Thanks Chris and Hawg.

Chris, plenty left of the venison, tell'er to come get a plate.

Guys, the sausages were good, the green onion was a nice touch, really added a nice depth of flavor.


----------



## Smokin' in AZ (Sep 30, 2019)

I have never tried venison but this could change that...nice looking cook Chile!

LIKE!

John


----------



## SmokinAl (Sep 30, 2019)

That is a delicious looking meal for sure!
Al


----------



## chilerelleno (Sep 30, 2019)

Smokin' in AZ said:


> I have never tried venison but this could change that...nice looking cook Chile!
> 
> LIKE!
> 
> John


Thanks John.
venison is tasty-n-tender when done right. 
Go knock down one of them big Desert Muley's and give it a try.


----------



## chilerelleno (Sep 30, 2019)

SmokinAl said:


> That is a delicious looking meal for sure!
> Al


OMG'osh it's Al!
Hi Al, and thank you.
Hope you and the Missus are doing well.

Man I was beginning to wonder if I inadvertently pee'd in your Cheerios?
Been so long since you stopped by one of my threads.
Nice to see ya.


----------



## xray (Sep 30, 2019)

Looks good John!
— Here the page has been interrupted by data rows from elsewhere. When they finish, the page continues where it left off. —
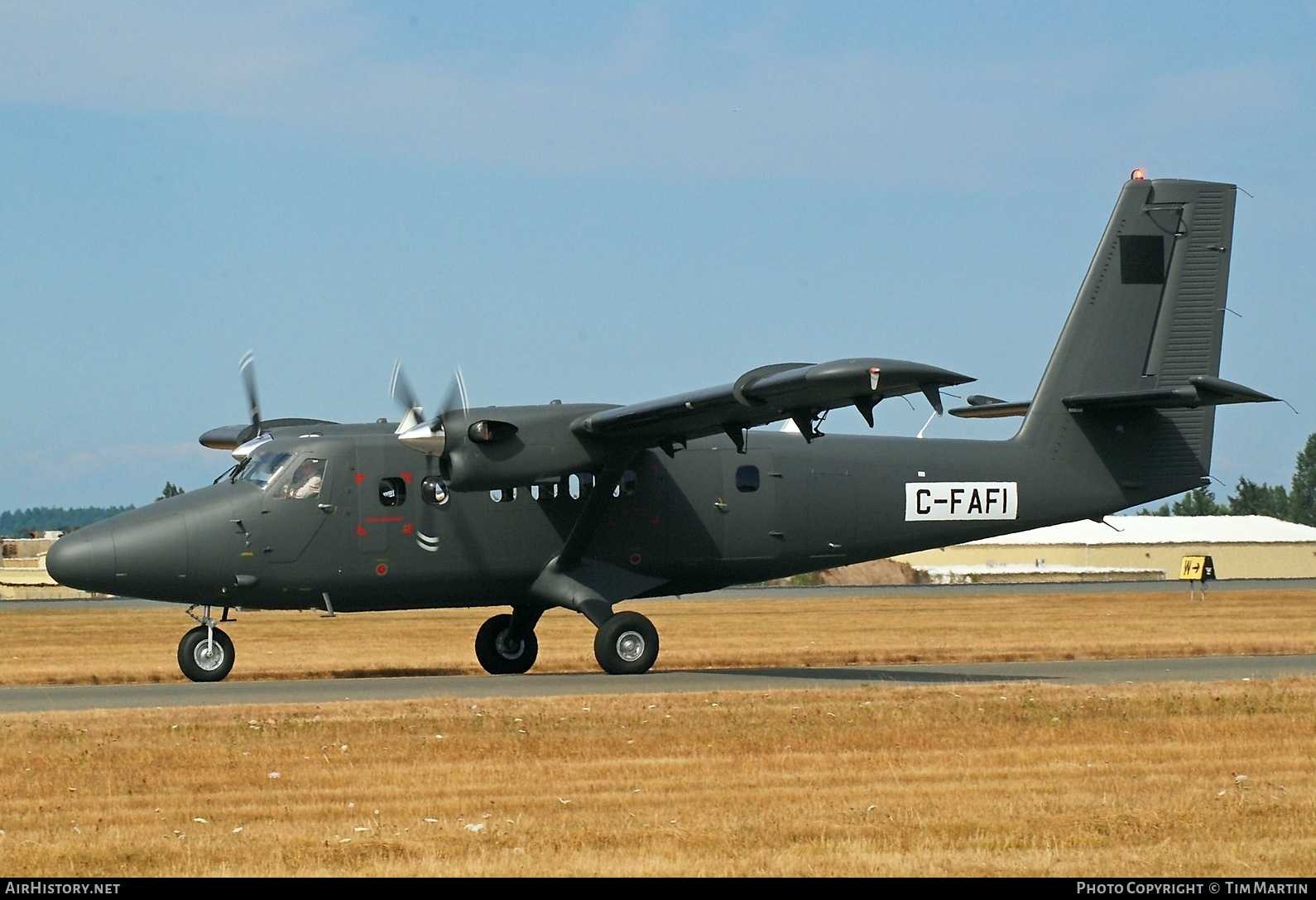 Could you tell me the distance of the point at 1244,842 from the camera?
9.36 m

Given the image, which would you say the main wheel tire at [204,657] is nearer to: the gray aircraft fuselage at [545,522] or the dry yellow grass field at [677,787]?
the gray aircraft fuselage at [545,522]

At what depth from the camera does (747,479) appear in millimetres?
23156

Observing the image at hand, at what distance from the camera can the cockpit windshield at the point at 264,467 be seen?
20844 millimetres

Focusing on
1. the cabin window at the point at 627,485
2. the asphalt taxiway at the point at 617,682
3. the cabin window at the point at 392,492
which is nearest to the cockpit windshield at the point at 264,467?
the cabin window at the point at 392,492

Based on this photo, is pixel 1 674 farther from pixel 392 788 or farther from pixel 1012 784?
pixel 1012 784

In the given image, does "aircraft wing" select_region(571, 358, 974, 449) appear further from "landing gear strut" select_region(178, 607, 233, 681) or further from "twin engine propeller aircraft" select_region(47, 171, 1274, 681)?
"landing gear strut" select_region(178, 607, 233, 681)

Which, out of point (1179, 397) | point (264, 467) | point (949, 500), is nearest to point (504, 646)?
point (264, 467)

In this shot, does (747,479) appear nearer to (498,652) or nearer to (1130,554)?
(498,652)

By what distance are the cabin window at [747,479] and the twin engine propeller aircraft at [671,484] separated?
0.21 ft

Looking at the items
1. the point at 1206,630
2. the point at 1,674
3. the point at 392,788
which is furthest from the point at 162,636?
the point at 392,788

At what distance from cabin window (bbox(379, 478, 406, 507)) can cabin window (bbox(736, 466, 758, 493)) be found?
4.99 m

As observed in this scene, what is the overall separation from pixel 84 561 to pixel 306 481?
2965mm

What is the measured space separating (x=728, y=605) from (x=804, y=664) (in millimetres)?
23947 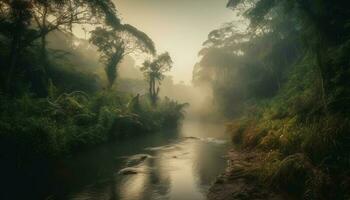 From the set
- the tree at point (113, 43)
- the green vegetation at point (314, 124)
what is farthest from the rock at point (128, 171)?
the tree at point (113, 43)

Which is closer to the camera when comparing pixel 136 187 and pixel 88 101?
pixel 136 187

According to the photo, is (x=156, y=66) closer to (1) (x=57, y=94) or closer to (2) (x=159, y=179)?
(1) (x=57, y=94)

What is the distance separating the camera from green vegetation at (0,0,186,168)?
1230cm

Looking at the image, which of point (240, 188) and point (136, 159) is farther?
point (136, 159)

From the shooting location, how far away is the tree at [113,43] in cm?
3238

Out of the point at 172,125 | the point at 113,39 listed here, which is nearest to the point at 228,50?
the point at 172,125

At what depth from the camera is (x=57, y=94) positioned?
70.5ft

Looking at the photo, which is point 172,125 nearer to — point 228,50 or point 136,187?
point 228,50

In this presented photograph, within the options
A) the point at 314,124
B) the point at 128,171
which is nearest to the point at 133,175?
the point at 128,171

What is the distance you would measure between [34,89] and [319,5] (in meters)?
22.9

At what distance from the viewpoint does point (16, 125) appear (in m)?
11.7

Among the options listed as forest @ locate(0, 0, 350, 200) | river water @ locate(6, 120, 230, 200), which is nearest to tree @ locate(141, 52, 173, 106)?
forest @ locate(0, 0, 350, 200)

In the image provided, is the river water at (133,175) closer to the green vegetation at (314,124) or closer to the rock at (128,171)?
the rock at (128,171)

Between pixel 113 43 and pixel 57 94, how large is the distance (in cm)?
1362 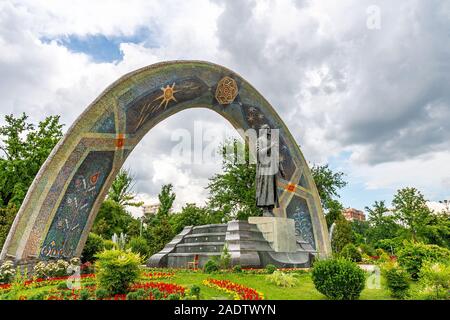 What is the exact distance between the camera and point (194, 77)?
1298cm

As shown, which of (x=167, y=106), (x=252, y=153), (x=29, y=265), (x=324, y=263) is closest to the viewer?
(x=324, y=263)

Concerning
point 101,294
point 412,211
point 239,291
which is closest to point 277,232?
point 239,291

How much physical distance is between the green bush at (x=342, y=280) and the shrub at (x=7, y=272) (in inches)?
277

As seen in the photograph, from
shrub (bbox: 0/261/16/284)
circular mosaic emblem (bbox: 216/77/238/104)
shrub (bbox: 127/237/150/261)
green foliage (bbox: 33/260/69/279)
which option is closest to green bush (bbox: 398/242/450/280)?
green foliage (bbox: 33/260/69/279)

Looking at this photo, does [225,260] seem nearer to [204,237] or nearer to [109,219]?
[204,237]

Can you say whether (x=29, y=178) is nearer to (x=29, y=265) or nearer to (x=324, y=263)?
(x=29, y=265)

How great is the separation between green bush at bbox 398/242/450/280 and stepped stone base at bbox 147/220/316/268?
13.4ft

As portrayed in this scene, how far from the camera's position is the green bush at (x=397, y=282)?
5.89 metres

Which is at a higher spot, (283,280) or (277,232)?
(277,232)

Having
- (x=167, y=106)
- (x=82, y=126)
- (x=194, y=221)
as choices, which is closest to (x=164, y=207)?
(x=194, y=221)

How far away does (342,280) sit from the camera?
546cm

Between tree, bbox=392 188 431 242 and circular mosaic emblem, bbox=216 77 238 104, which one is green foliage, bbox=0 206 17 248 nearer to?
circular mosaic emblem, bbox=216 77 238 104

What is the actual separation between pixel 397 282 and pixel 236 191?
18699 millimetres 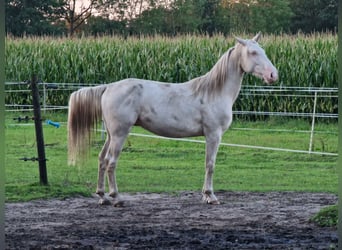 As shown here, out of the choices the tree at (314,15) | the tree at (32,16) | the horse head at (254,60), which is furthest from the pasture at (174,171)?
the tree at (314,15)

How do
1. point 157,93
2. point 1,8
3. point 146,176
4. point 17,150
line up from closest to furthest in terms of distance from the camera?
1. point 1,8
2. point 157,93
3. point 146,176
4. point 17,150

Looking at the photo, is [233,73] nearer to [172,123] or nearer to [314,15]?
[172,123]

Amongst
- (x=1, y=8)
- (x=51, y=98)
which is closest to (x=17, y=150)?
(x=51, y=98)

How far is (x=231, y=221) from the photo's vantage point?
6312mm

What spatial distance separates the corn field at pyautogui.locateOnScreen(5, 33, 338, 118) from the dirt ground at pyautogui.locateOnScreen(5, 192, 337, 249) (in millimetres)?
A: 9351

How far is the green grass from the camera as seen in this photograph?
350 inches

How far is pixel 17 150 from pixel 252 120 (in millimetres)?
6271

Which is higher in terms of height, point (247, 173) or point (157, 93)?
point (157, 93)

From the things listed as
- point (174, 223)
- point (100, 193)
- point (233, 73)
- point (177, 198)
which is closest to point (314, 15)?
point (233, 73)

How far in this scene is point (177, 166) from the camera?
10977 mm

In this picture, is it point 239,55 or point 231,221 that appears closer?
point 231,221

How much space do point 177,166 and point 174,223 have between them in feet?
15.9

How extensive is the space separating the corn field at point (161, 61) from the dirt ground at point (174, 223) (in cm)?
935

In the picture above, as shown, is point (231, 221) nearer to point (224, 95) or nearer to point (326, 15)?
point (224, 95)
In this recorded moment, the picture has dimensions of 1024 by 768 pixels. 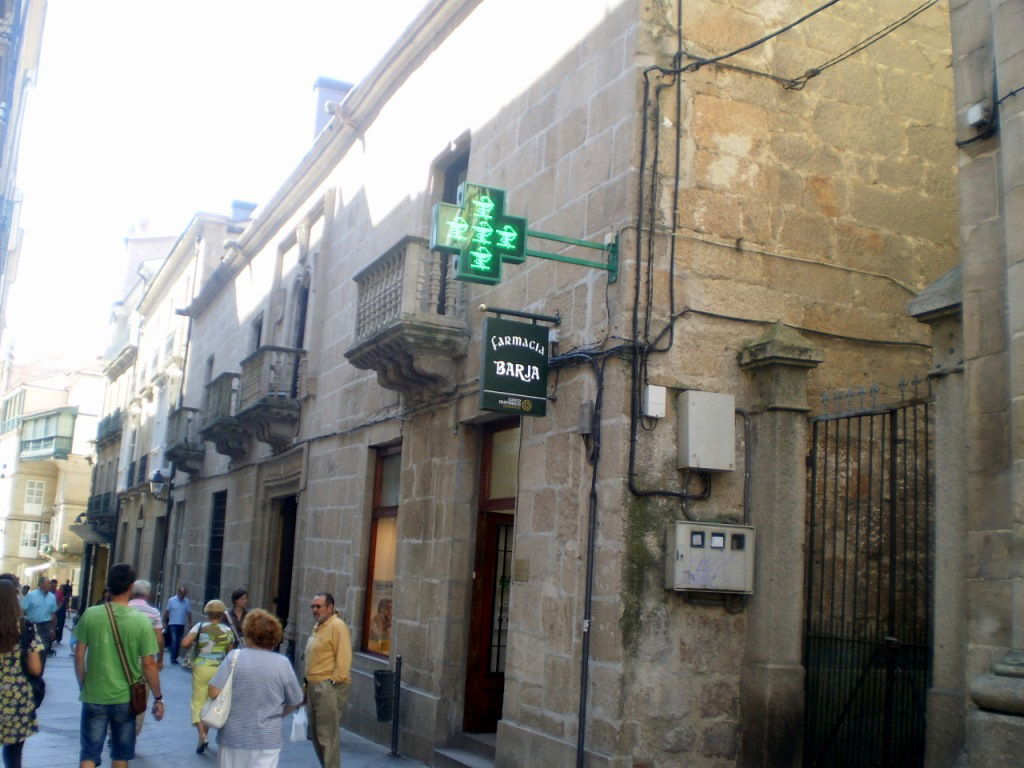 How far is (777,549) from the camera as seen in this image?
7.53 metres

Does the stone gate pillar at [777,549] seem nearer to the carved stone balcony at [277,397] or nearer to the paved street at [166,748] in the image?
the paved street at [166,748]

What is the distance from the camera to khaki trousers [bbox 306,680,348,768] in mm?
8188

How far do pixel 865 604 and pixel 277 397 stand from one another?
9.18 meters

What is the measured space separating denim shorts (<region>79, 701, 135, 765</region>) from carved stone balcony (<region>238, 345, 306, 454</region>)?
27.5 feet

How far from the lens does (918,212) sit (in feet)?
29.3

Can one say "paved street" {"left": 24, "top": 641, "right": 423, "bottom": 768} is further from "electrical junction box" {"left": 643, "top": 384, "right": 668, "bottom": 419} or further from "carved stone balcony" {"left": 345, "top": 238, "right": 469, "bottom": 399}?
"electrical junction box" {"left": 643, "top": 384, "right": 668, "bottom": 419}

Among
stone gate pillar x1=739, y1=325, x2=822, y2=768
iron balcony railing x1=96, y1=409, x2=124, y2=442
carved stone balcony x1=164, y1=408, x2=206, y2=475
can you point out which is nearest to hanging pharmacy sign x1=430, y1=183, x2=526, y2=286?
stone gate pillar x1=739, y1=325, x2=822, y2=768

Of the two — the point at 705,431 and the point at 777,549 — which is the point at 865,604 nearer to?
the point at 777,549

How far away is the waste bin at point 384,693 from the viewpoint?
10.3 meters

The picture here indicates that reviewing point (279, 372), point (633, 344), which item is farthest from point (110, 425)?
point (633, 344)

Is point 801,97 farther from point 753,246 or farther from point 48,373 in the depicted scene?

My father in law wanted me to smoke a venison roast for him. He supplies the meat, so I’ll have to give it a shot.


----------



## chilerelleno (Sep 30, 2019)

xray said:


> Looks good John! My father in law wanted me to smoke a venison roast for him. He supplies the meat, so I’ll have to give it a shot.


Thanks Joe.
I let the IT on these go over while talking to my FiL, they were 144° and 146°.... Oops, but still very tender/juicy from the brine.

See my Banging Brined venison roasts recipe for the brine I use.


----------



## Winterrider (Sep 30, 2019)

Those roasts look awesome Chili, I wish my wife was more of a fan of venison roasts, steaks, etc., Cause I love it.
Like...


----------



## chilerelleno (Sep 30, 2019)

Winterrider said:


> Those roasts look awesome Chili, I wish my wife was more of a fan of venison roasts, steaks, etc., Cause I love it.
> Like...


Appreciate it, thanks.
I can get everyone but my Baby Girl (11yrs) to eat most any wild or farm raised game meats.
My daughter is strictly Ol'MacDonald farm animals for food.


----------



## SmokinAl (Oct 1, 2019)

chilerelleno said:


> OMG'osh it's Al!
> Hi Al, and thank you.
> Hope you and the Missus are doing well.
> 
> ...



I have been really busy lately & haven't been on here very much. I try to get on everyday & post a few comments, but I do miss a lot of good threads & yours are always good!
Al


----------